For visitors to Taiwan, the Sun Moon Lake is just another of the many beautiful scenic attractions on the island. But this lake has a much more profound meaning in the history of aboriginal settlement in Taiwan, since this is where the Thao live, a tribe that is well known for its deer-chasing legend.

There are at least three different versions of the Thao origin myth:

  1. The Thao ancestors came from Mount Ali (Alishan);
  2. They came from the area of Tainan, the “old capital”;
  3. They came from the Tibara community near Chia-yi’s Tapu.

No matter where exactly the Thao originated, all the above three legends have one thing in common: they revolve around the so-called deer-chasing legend, which generally goes like this:

A long time ago, in the ancient days, the Thao went hunting one day and came across a white deer. They chased this rare animal for a long time, until finally their pursuit led them to the Sun Moon Like. Impressed with the beauty and abundant natural resources (such as fish and water) in that area, the whole tribe decided to move there and live near the shores of the lake.

The Thao are thought to have been part of the Tsou tribe some time in the distant past. There is a legend among the Tsou about the Thao originally were part of the Tsou, whose traditional lands are in the Alishan area. The legend also tells the story of how at some point the Thaos’ ancestors went in pursuit of a white deer and came to the Sun Moon Lake, where they settled down. Even the Bunun know a similar legend, and they also hold that in the days of old, the Thao were actually a subgroup of the Tsou.

Some researchers agree with that view, and think it is possible that the famous Thao leader Mao Wang-Yeh had the position of a Maotano (meaning “brave warrior”) in the Tsou community. This is also why he was given the Han-Chinese name “Mao Wang-Yeh” after the end of Japanese colonial rule in Taiwan, the Chinese family name “Mao” sounding very similar to the beginning of the Tsou term “maotano”.
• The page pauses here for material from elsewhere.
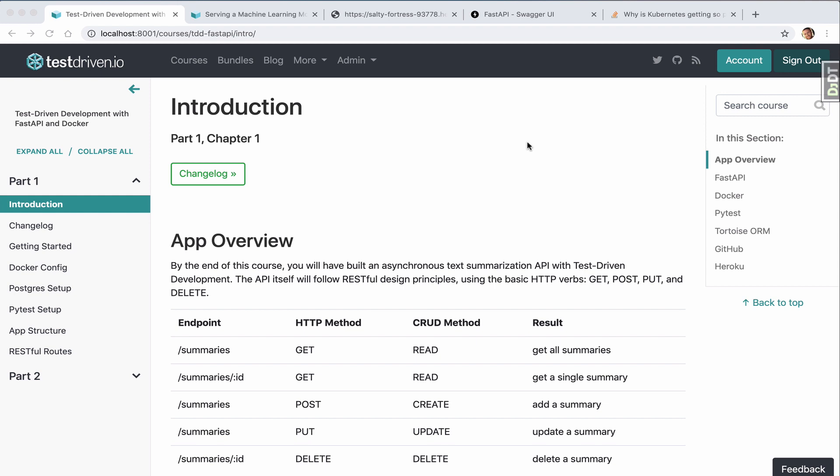The API will follow RESTful design principles using the basic HTTP verbs: get, post, put, and delete. You can see all the endpoints in the table here - you can get all summaries, get a single summary, and add, update, or delete a summary.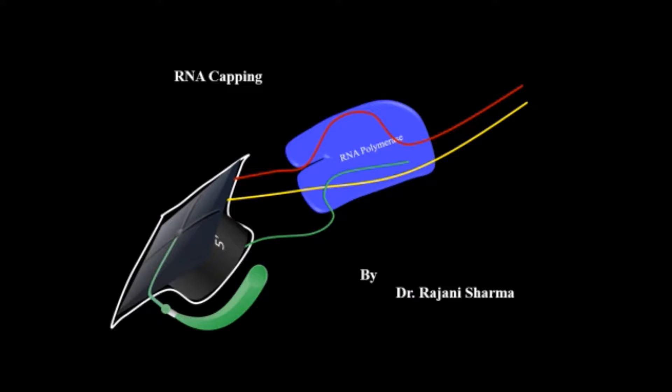Hello and welcome to my channel Be Yourself. This is Dr. Ajna Sharma and today I will discuss the 5' capping.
Another Thao legend describes how their ancestors used to live in the Tainan area. This would make them one of the so-called Pingpu tribes (“lowland aborigines”) who lived in the plains. Tainan and environs were also the territory of the Siraya lowland tribe, and it is conceivable that the ancestors of today’s Thao indeed came from this area, but were forced to retreat into the mountains of Alishan when Han-Chinese immigrants began to settle in the plains in greater numbers. They then lived in close proximity to the Tsou, adopting much of that tribe’s material culture, customs and attire. They likely intermarried with the Tsou, but at the same time managed to preserve some aspects of their own tradition, including their language and religious beliefs. Later, they moved to the area around the Sun Moon Lake, a small tribe whose culture now unites characteristics of both the lowland and mountain indigenous peoples.